O filme Os Gatos Não Têm Vertigens, do realizador António-Pedro Vasconcelos, venceu nesta quinta-feira à noite nove das 15 categorias em que estava nomeado para os prémios Sophia 2015, entregues no Centro Cultural de Belém, em Lisboa.

Os Gatos Não Têm Vertigens conquistou os quatro principais prémios, incluindo o de melhor filme, melhor realizador e melhor actriz (Maria do Céu Guerra) e actor (João Jesus).

O filme ganhou também os prémios de melhor argumento original (Tiago Santos), melhor banda sonora original (Luís Cília) e melhor canção original, com o tema Clandestinos do Amor, de Ana Moura.

O filme de António-Pedro Vasconcelos venceu ainda nas categorias de melhor montagem (Pedro Ribeiro) e melhor som (Vasco Pedroso, Branko Neskov e Elsa Ferreira).

Os Maias – Cenas da Vida Romântica, de João Botelho, visto nos cinemas por mais de 114 mil espectadores em 2014, venceu sete categorias, incluindo melhor actor e actriz secundários, atribuídos a João Perry e Maria João Pinho.

Os prémios de melhor direcção artística (Silvia Graboeski), melhor direcção de fotografia (João Ribeiro), melhor caracterização (Sano de Perpessac), melhor maquilhagem e cabelos (Sano de Perpessac) e de melhor guarda- roupa (Sílvia Graboeski) foram igualmente conquistados por Os Maias – Cenas da Vida Romântica.
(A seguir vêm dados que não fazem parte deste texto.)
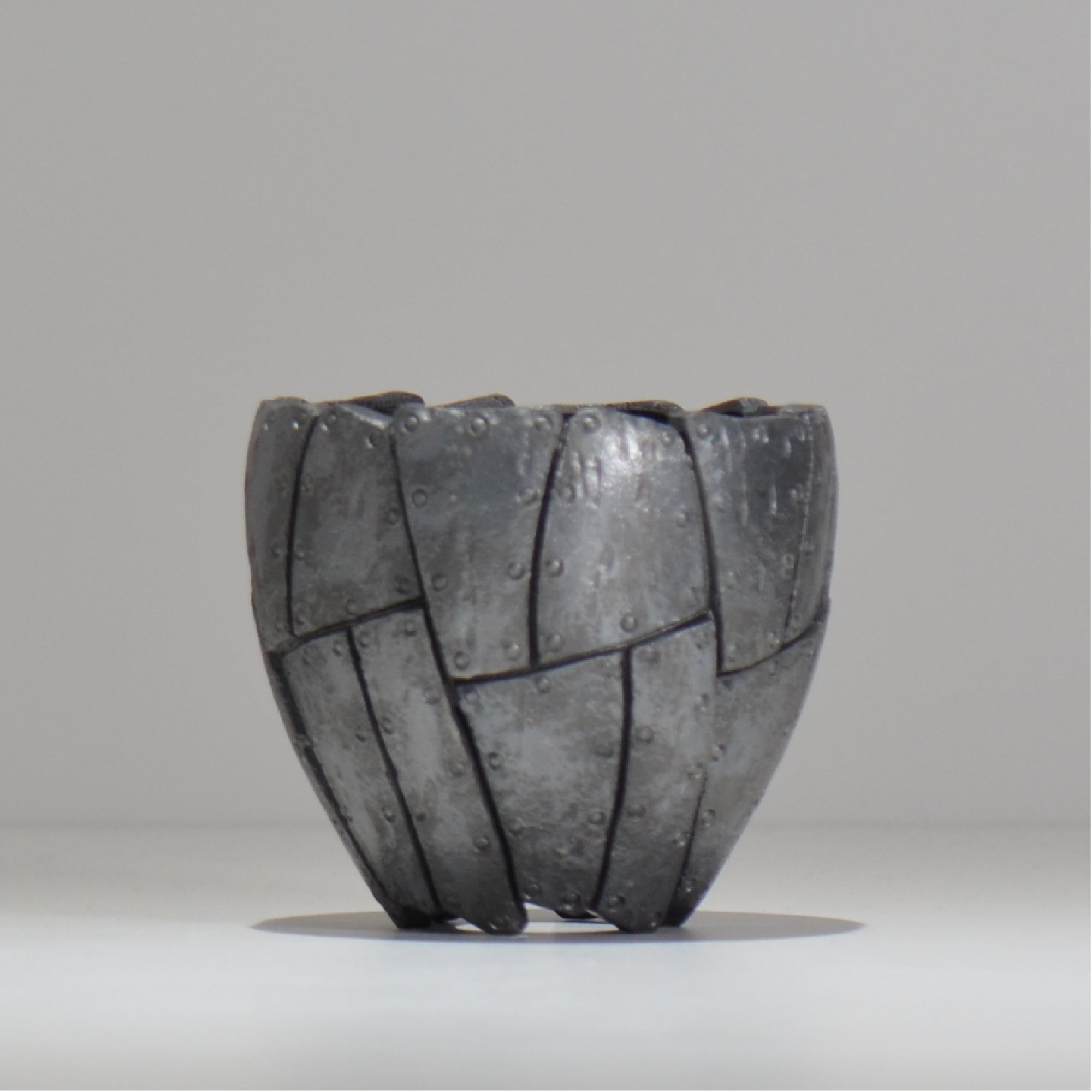 沖誠 / Rivet round 燻し銀彩 / om_irr05_m / 約φ13.3cm  / 植木鉢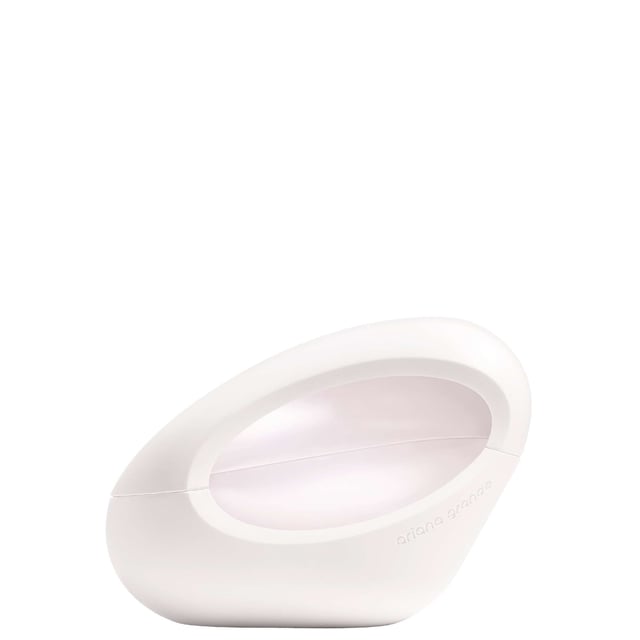 Discover the enchanting Ariana Grande MOD Vanilla Eau de Parfum Spray, a 30ml fragrance that embodies modern sensuality and creativity. This vegan and cruelty-free scent opens with a delightful fusion of juicy dark plum and creamy musk, elegantly complemented by a radiant hint of pink freesia. The heart reveals luxurious Orris Butter and decadent White Praline, while indulgent Vanilla absolute and upcycled cocoa butter add a sophisticated complexity. Celebrate your unique expression with this captivating fragrance that promises an unforgettable olfactory experience.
Já o prémio de melhor curta-metragem-documentário coube a O Meu Outro País, de Solveig Nordlund, e o de melhor documentário em longa-metragem foi entregue ao filme E agora? Lembra-me, de Joaquim Pinto.

A Academia Portuguesa de Cinema homenageou Manoel de Oliveira na cerimónia dos Prémios Sophia, exibindo passagens de filmes da vasta obra do realizador, que morreu nesta quinta-feira, na sua casa no Porto, aos 106 anos.
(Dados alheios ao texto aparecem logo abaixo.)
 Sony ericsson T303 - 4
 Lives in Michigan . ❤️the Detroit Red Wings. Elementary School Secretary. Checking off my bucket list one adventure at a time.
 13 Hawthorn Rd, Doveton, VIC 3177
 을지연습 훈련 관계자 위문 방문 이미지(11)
"Foi um mestre e um exemplo, queremos lembrá-lo hoje e sempre", foram as palavras que a Academia Portuguesa de Cinema dirigiu ao realizador e que mereceram uma longa ovação dos actores, apresentadores e realizadores que encheram a sala do Centro Cultural de Belém, onde se realizou a gala.
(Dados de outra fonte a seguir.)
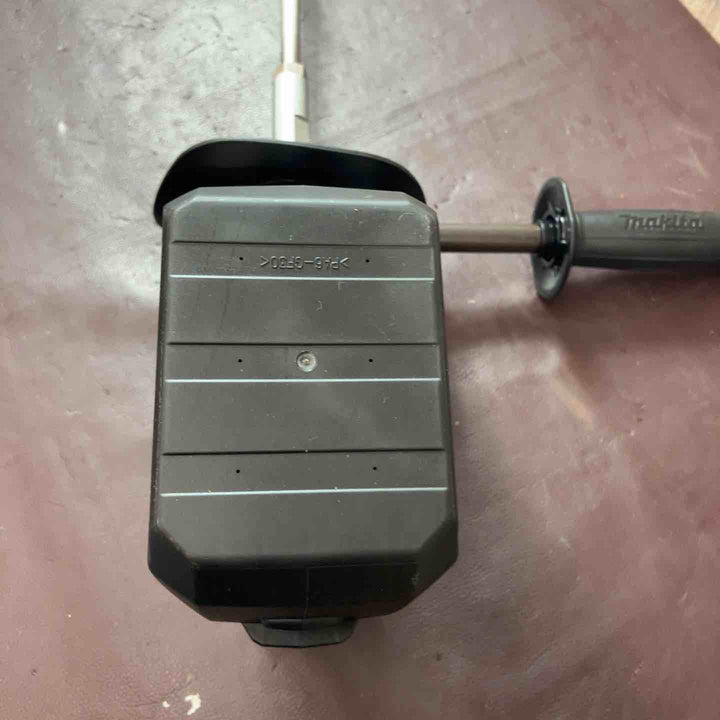 【中古品】 マキタ(makita) コードレスかくはん機 UT130DZ 充電1回バッテリー 18V/6.0Ah BL1860B 1個付 充電式撹拌機 【東大和店】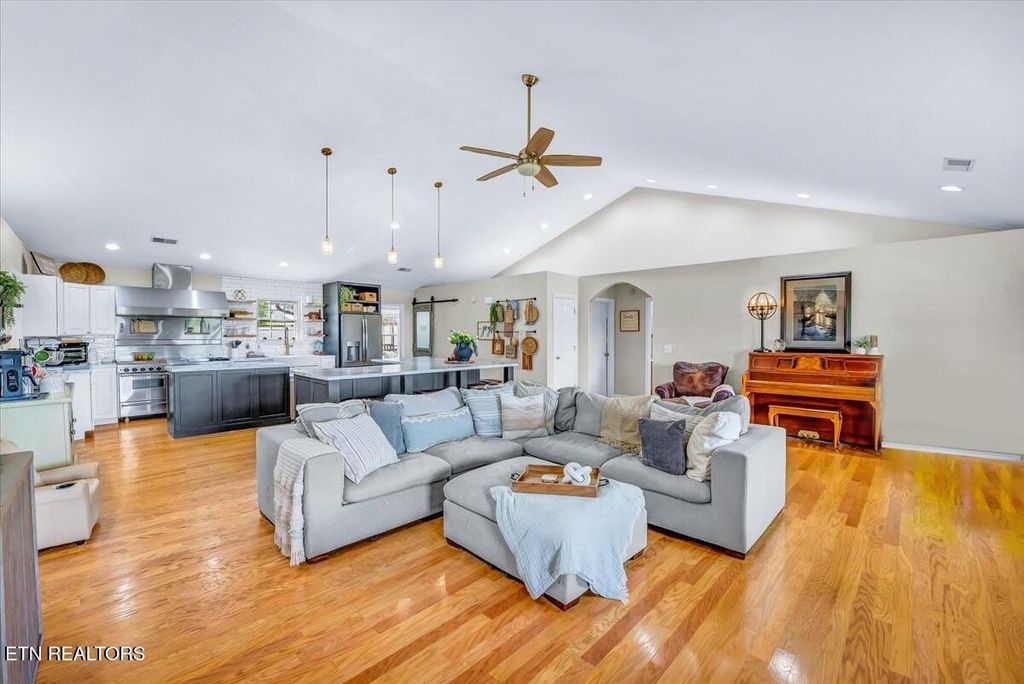 Photo of 2168 Summerfield Lane, Sevierville, TN 37876 (MLS # 1329213)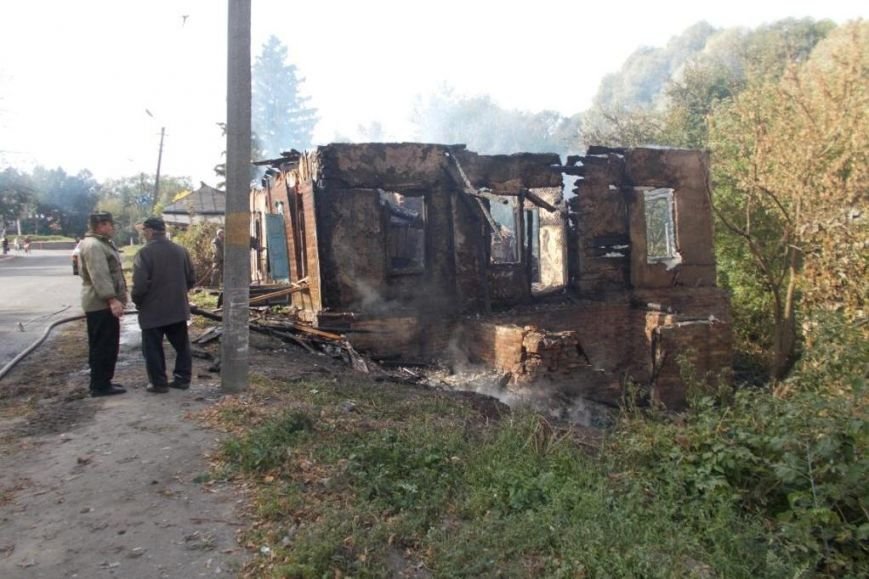 В Черниговский области в результате ДТП был уничтожен дом (фото) - фото 1 В Черниговский области в результате ДТП был уничтожен дом (фото) - фото 1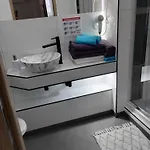 公寓式酒店 Eldom-noclegi, Kolejowa 15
Antes do início da cerimónia de entrega dos prémios Sophia 2015, a academia evocou a vida e obra de Manoel de Oliveira com a passagem de alguns filmes, como o Aniki Bobó, a primeira longa-metragem do realizador, de 1942.

Os prémios Sophia foram lançados em 2012, para distinguir os profissionais do cinema nacional pelos próprios pares, e incluem cerca de duas dezenas de categorias.

A Academia Portuguesa de Cinema foi fundada em 2011 e é presidida pelo produtor Paulo Trancoso.